[Source material]
....

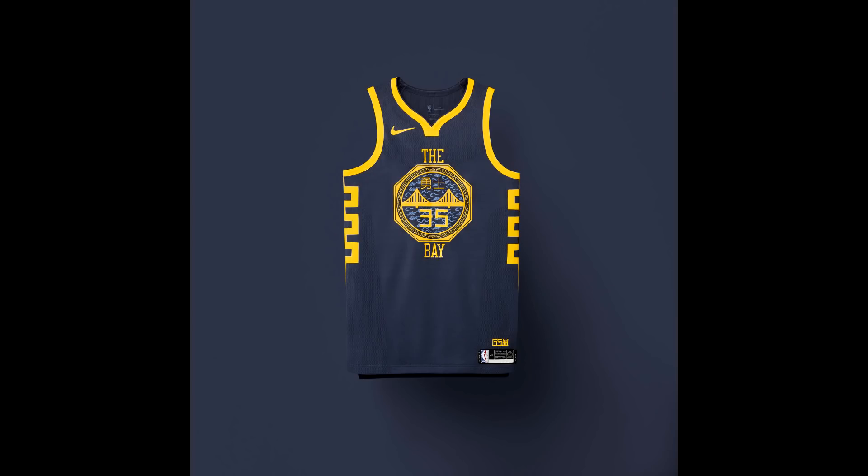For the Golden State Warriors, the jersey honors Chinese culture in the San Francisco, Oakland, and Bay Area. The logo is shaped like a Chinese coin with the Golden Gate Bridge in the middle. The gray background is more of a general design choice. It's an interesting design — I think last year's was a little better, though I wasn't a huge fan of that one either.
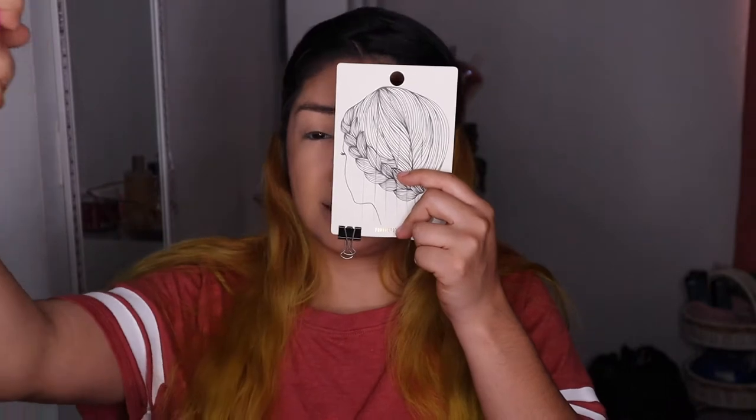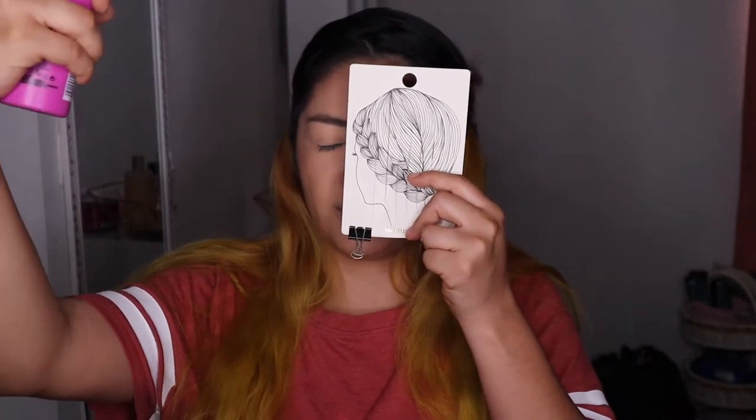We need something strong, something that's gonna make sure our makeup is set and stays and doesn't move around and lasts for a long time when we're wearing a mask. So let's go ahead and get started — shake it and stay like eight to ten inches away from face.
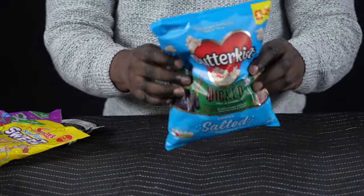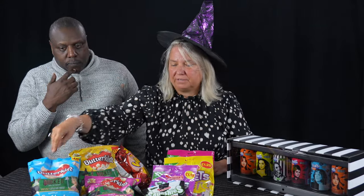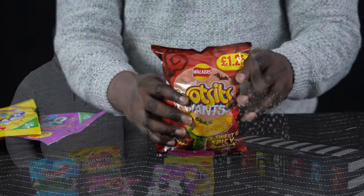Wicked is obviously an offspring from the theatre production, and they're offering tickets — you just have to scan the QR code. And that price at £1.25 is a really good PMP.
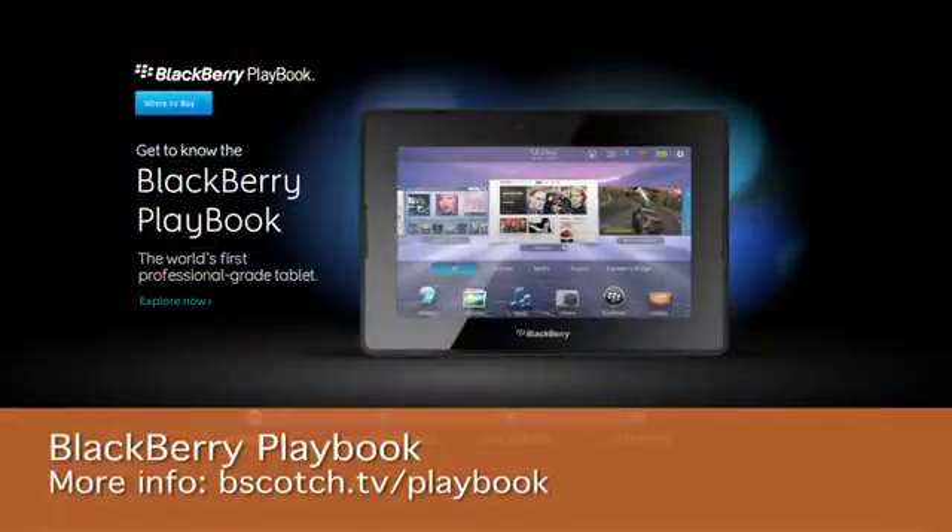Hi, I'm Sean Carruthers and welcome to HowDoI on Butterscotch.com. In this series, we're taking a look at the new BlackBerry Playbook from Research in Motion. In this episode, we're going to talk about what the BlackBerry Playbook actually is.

....

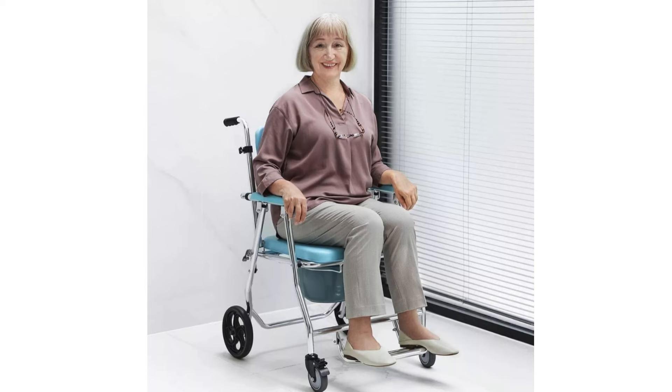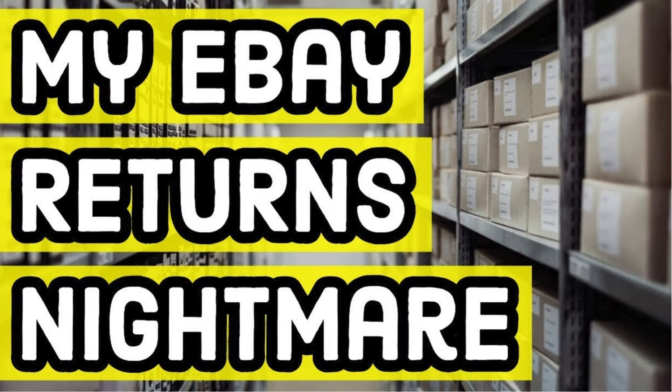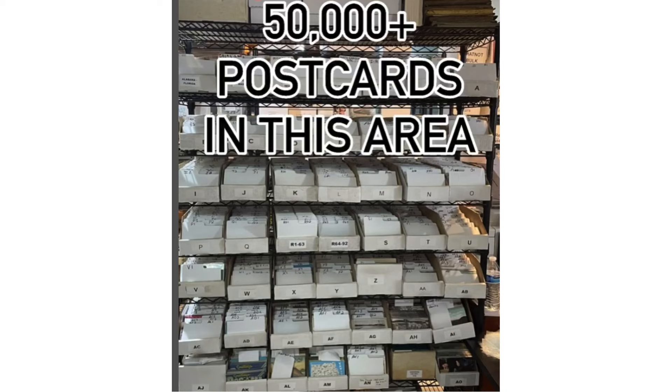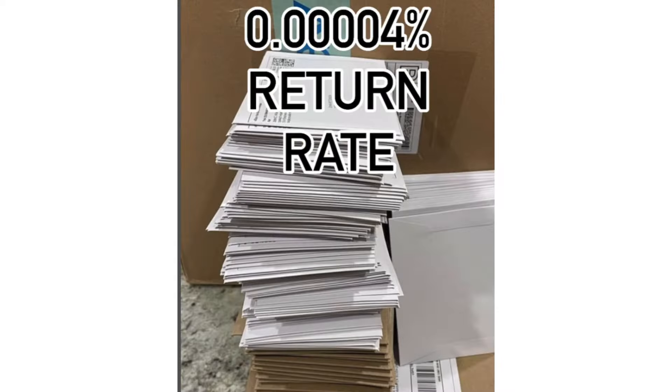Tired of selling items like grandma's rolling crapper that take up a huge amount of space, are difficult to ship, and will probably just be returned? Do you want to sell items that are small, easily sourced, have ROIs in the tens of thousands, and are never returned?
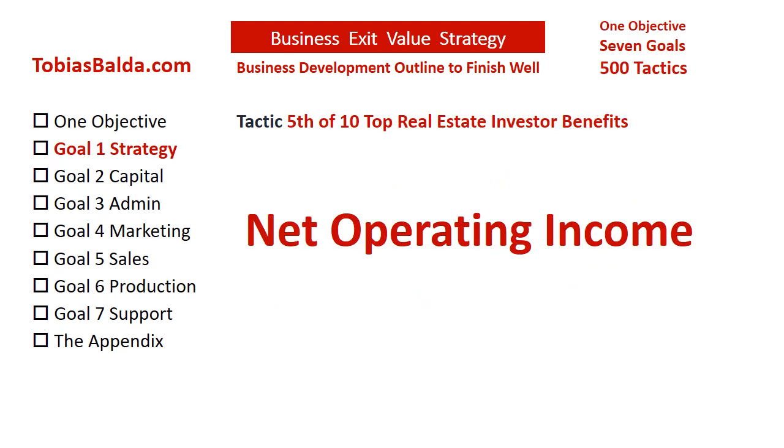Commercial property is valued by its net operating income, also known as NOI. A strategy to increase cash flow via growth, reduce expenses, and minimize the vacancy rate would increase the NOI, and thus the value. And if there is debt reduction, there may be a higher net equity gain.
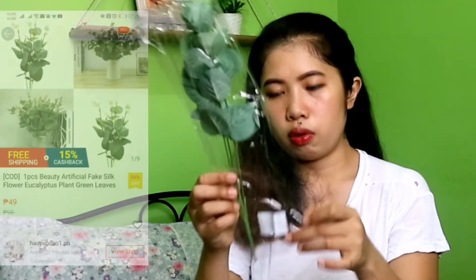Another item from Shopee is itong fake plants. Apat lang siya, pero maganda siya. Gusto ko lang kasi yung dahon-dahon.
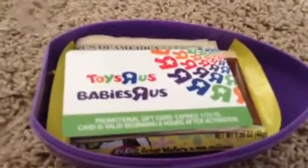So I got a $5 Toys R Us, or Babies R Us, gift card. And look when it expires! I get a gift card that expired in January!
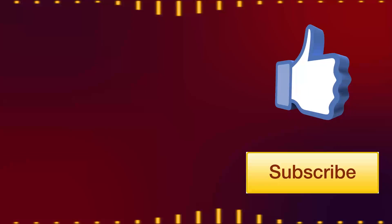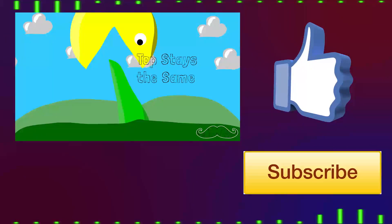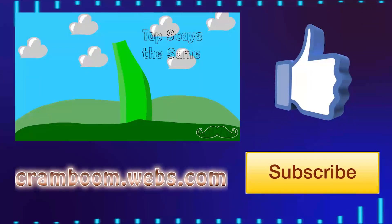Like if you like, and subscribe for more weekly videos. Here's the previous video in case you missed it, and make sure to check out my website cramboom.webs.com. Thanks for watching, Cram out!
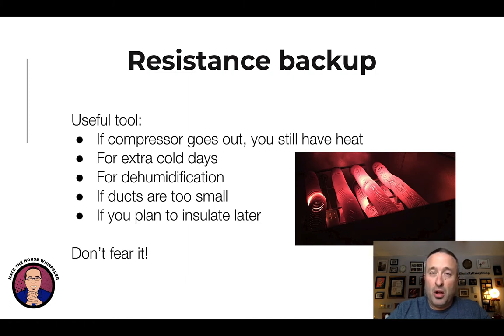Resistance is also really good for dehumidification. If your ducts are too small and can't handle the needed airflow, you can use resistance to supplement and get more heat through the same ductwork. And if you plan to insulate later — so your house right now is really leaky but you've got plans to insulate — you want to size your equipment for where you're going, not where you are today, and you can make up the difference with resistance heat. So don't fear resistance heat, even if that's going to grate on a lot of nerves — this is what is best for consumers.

....

[Work to be completed] Retype, exactly and with no pictures, everything above from the line with "Tired of selling" down to the line with "Another item from", both included.

[Answer for this exercise]
Tired of selling items like grandma's rolling crapper that take up a huge amount of space, are difficult to ship, and will probably just be returned? Do you want to sell items that are small, easily sourced, have ROIs in the tens of thousands, and are never returned?
Commercial property is valued by its net operating income, also known as NOI. A strategy to increase cash flow via growth, reduce expenses, and minimize the vacancy rate would increase the NOI, and thus the value. And if there is debt reduction, there may be a higher net equity gain.
Another item from Shopee is itong fake plants. Apat lang siya, pero maganda siya. Gusto ko lang kasi yung dahon-dahon.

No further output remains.